# Exercise
In the entries that follow, find the line containing "반짝이는 웨딩 드레스 한국 스타일 퍼프 슬리브" and the line containing "Капитал - Нурсултан", then retype exactly the lines from the first through the second, pictures excluded.

# Data under study
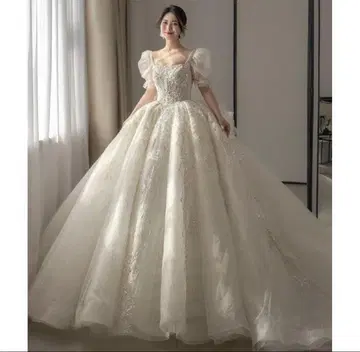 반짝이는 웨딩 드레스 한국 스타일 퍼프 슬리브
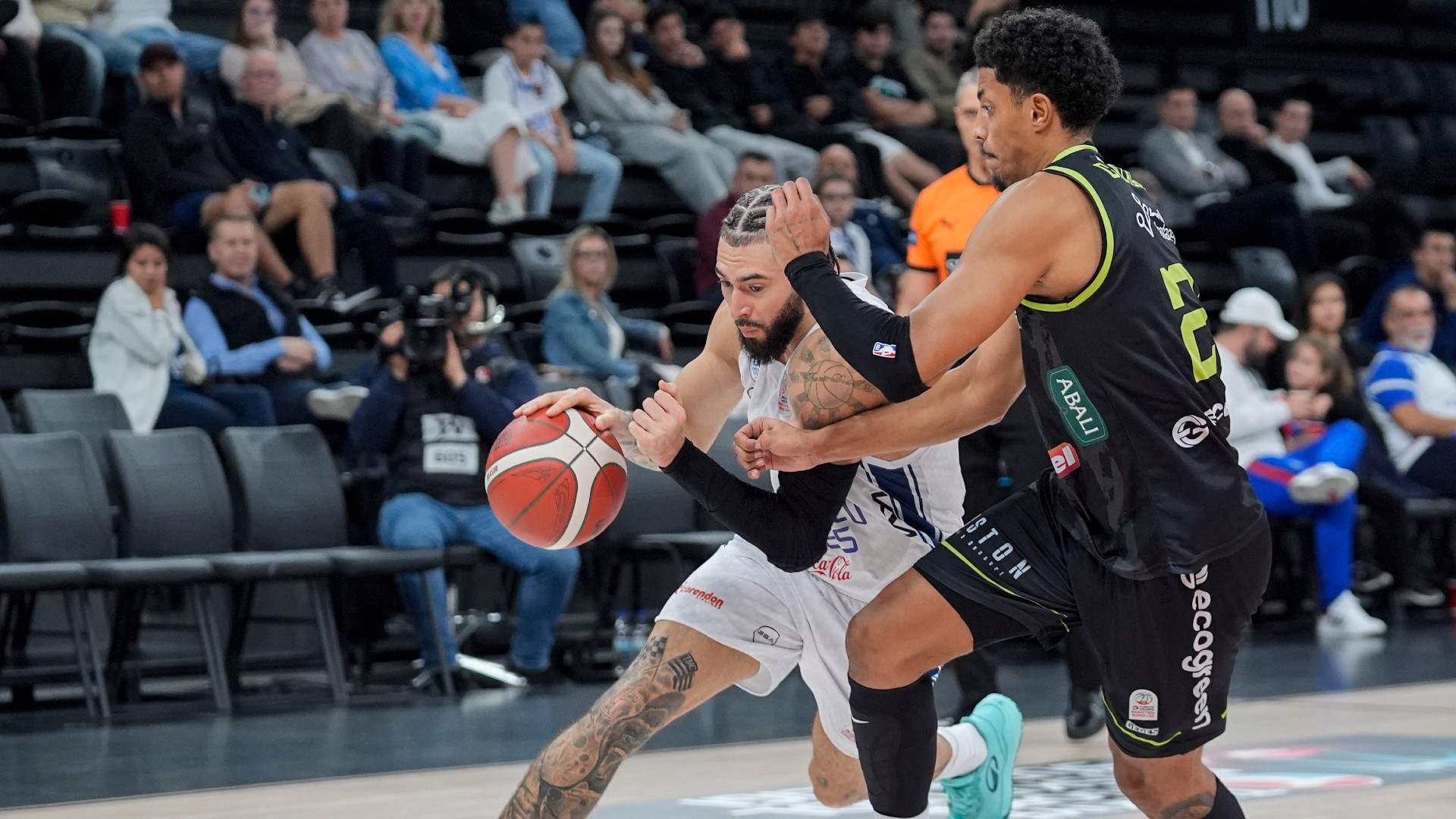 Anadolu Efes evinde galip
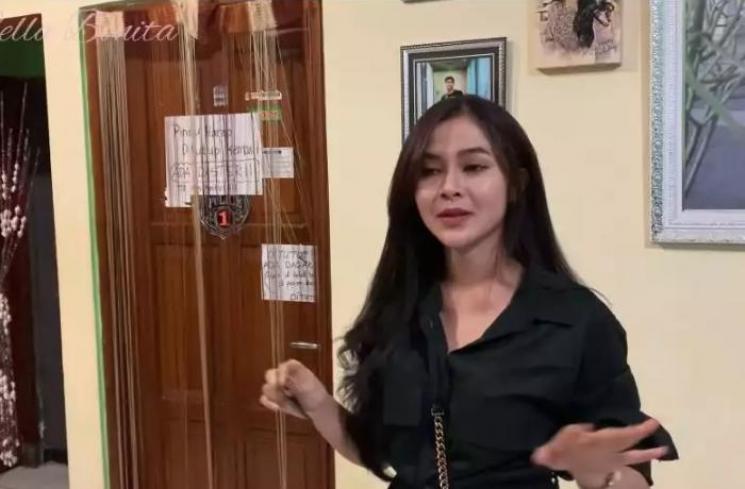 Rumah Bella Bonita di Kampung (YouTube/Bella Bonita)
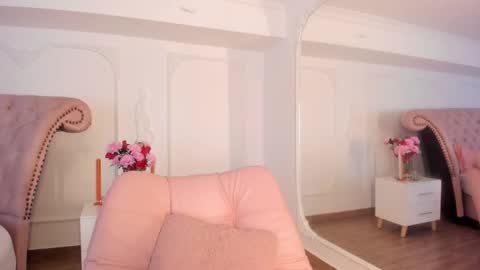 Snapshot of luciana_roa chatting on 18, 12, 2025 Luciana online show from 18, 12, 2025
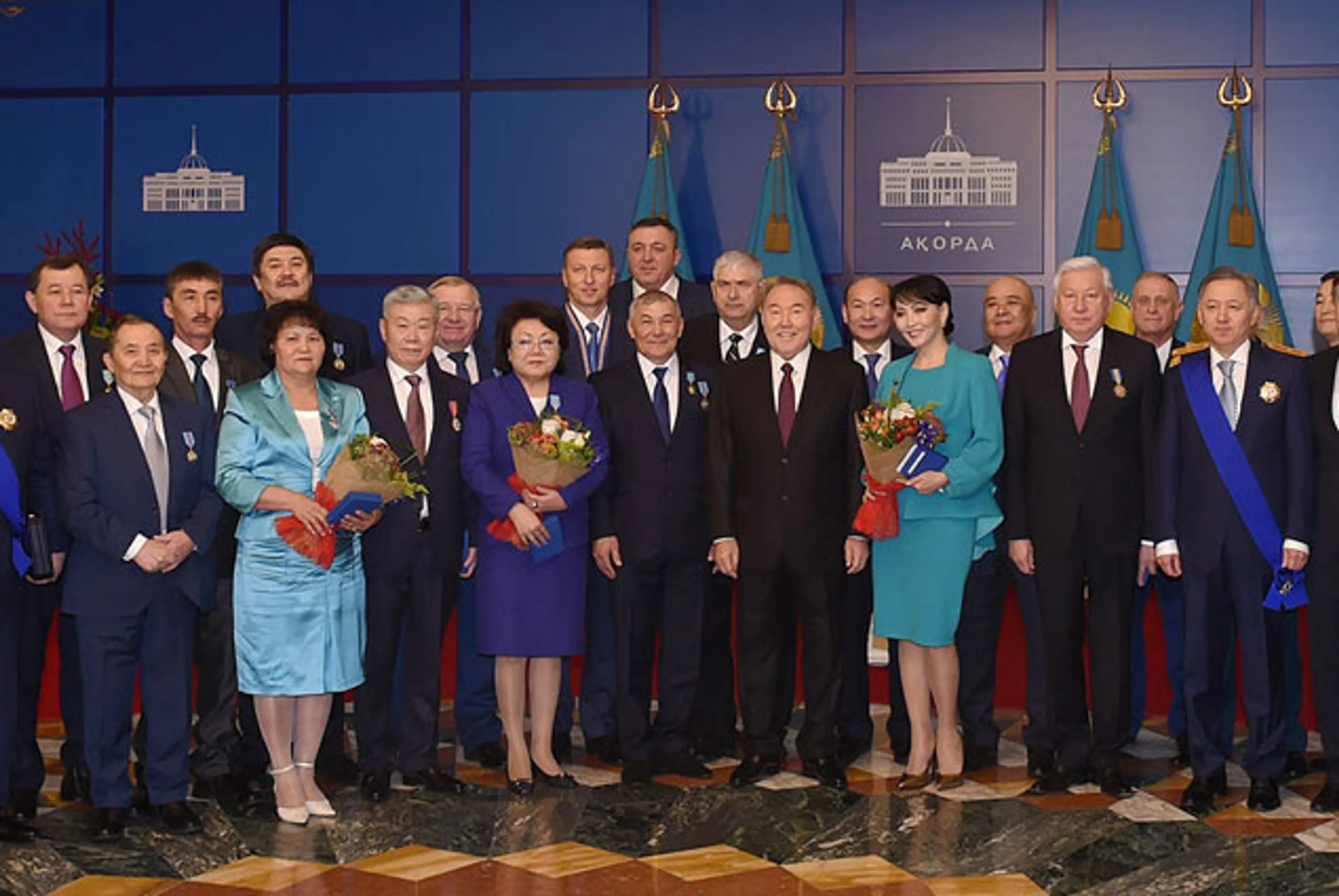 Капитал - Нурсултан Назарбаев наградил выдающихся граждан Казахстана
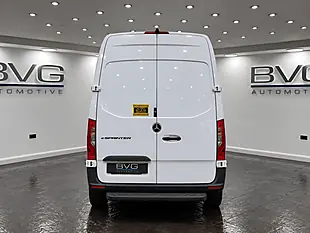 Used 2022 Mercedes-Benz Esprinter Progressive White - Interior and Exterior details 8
* * *
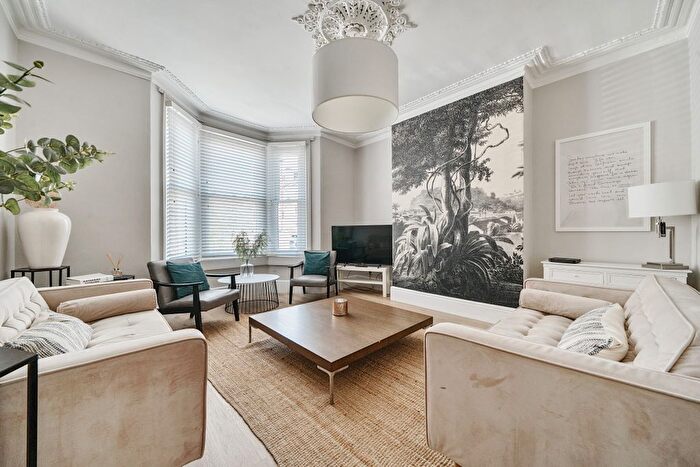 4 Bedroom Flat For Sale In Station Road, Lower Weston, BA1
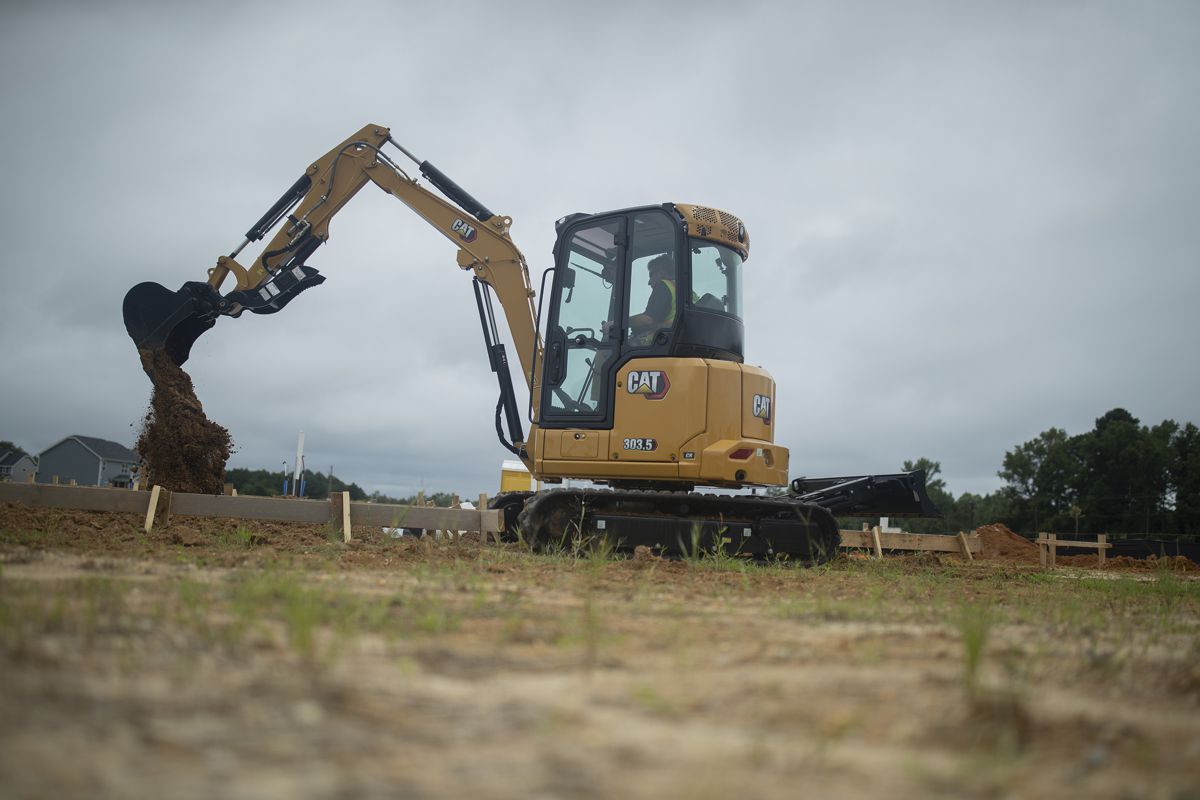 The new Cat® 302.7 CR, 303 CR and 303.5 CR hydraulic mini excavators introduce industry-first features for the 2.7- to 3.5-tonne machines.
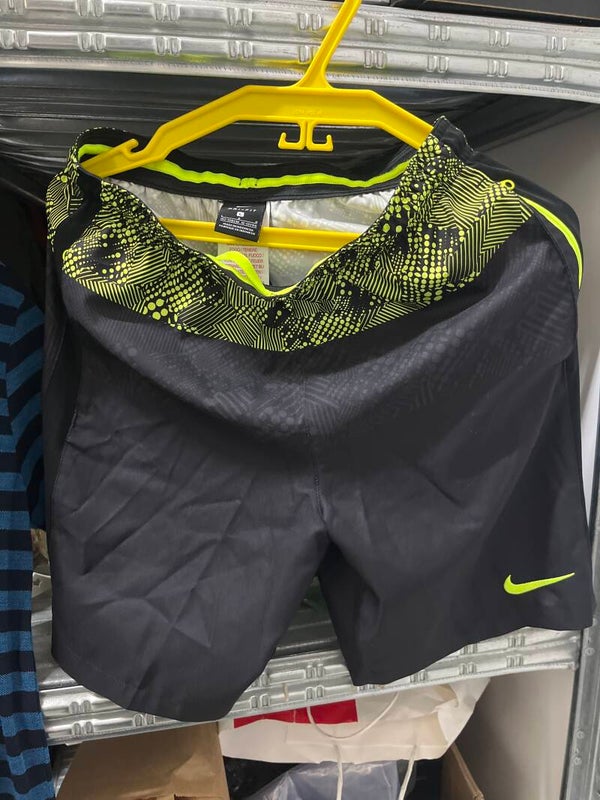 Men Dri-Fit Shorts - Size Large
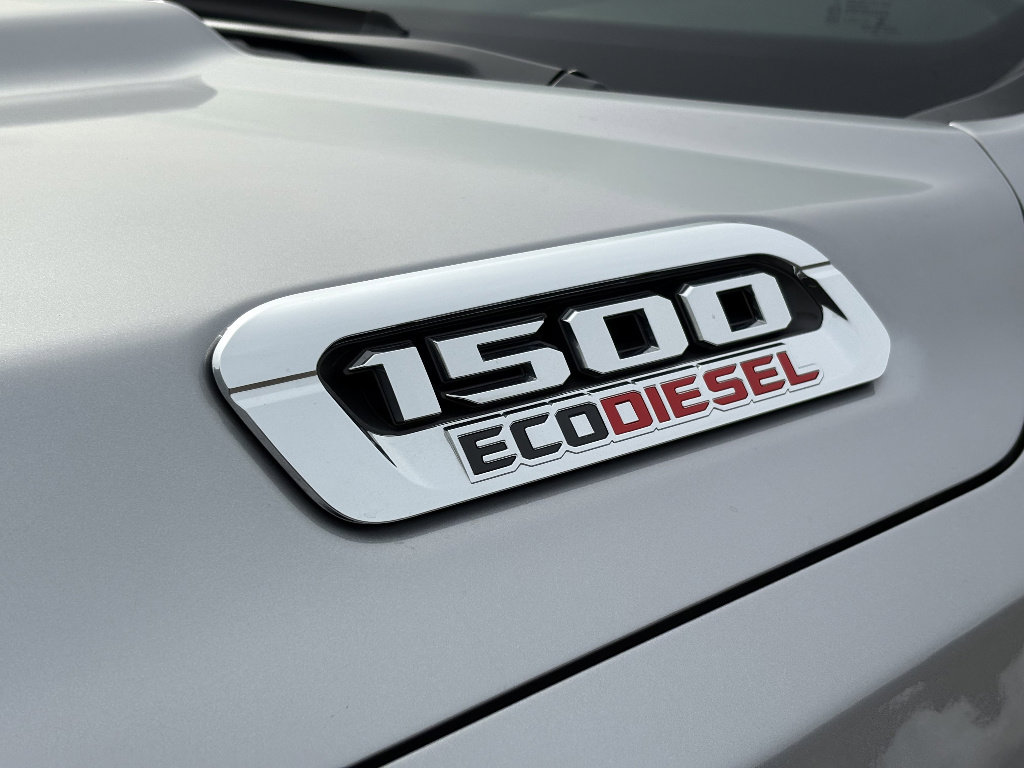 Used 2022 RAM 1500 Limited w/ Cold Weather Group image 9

# Exercise output
 반짝이는 웨딩 드레스 한국 스타일 퍼프 슬리브
 Anadolu Efes evinde galip
 Rumah Bella Bonita di Kampung (YouTube/Bella Bonita)
 Snapshot of luciana_roa chatting on 18, 12, 2025 Luciana online show from 18, 12, 2025
 Капитал - Нурсултан Назарбаев наградил выдающихся граждан Казахстана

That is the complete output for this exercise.